__WHAT YOU ARE ASKED TO DO__
Pictures excluded, copy every record that follows exactly as it appears.

Segment Start: EXCERPTED RECORDS

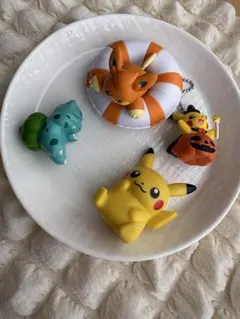 レトロ ヒトカゲ ポケモンメタルコレクション 約1、5cm - メルカリ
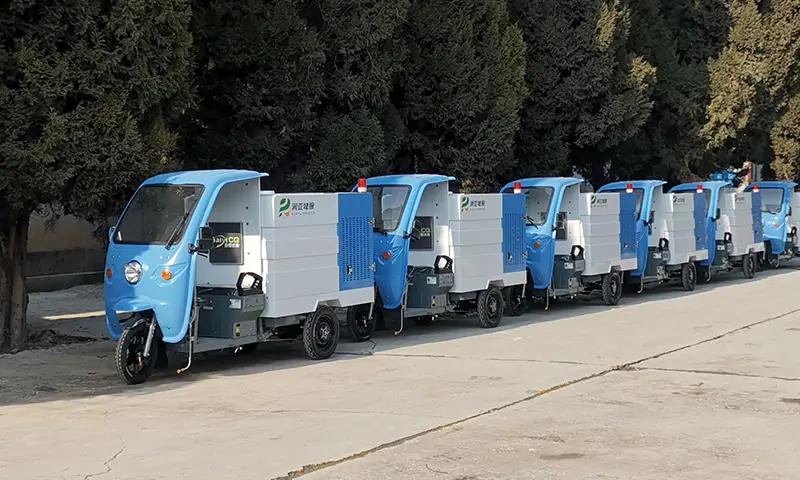 三輪多功能高壓沖洗車：為美好城市環(huán)境建設(shè)增添新動(dòng)力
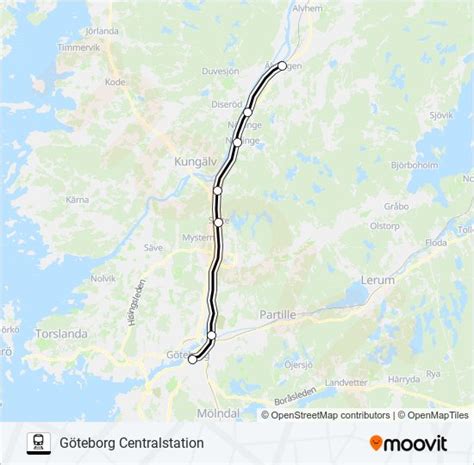 V Stt Gen Route Schedules Stops Maps G Teborg Centralstation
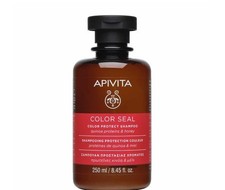 Champú Apivita Color Seal con proteína de quinua y miel 250 ml, 95% natural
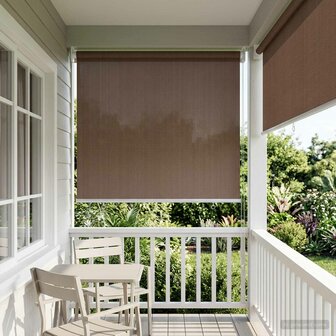 Buitenrolgordijn 90% UV-blok Taupe 80x140 cm HDPE 3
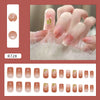 12 Sizes-24 Pcs Press On Nails R728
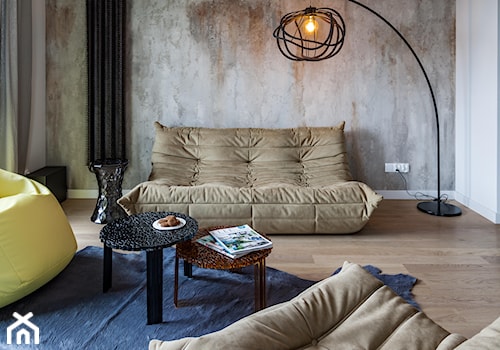 Apartament - Salon, styl nowoczesny - zdjęcie od Biendesign Pracownia Wnętrz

Segment End: EXCERPTED RECORDS

__TASK SOLUTION__
 レトロ ヒトカゲ ポケモンメタルコレクション 約1、5cm - メルカリ
 三輪多功能高壓沖洗車：為美好城市環(huán)境建設(shè)增添新動(dòng)力
 V Stt Gen Route Schedules Stops Maps G Teborg Centralstation
 Champú Apivita Color Seal con proteína de quinua y miel 250 ml, 95% natural
 Buitenrolgordijn 90% UV-blok Taupe 80x140 cm HDPE 3
 12 Sizes-24 Pcs Press On Nails R728
 Apartament - Salon, styl nowoczesny - zdjęcie od Biendesign Pracownia Wnętrz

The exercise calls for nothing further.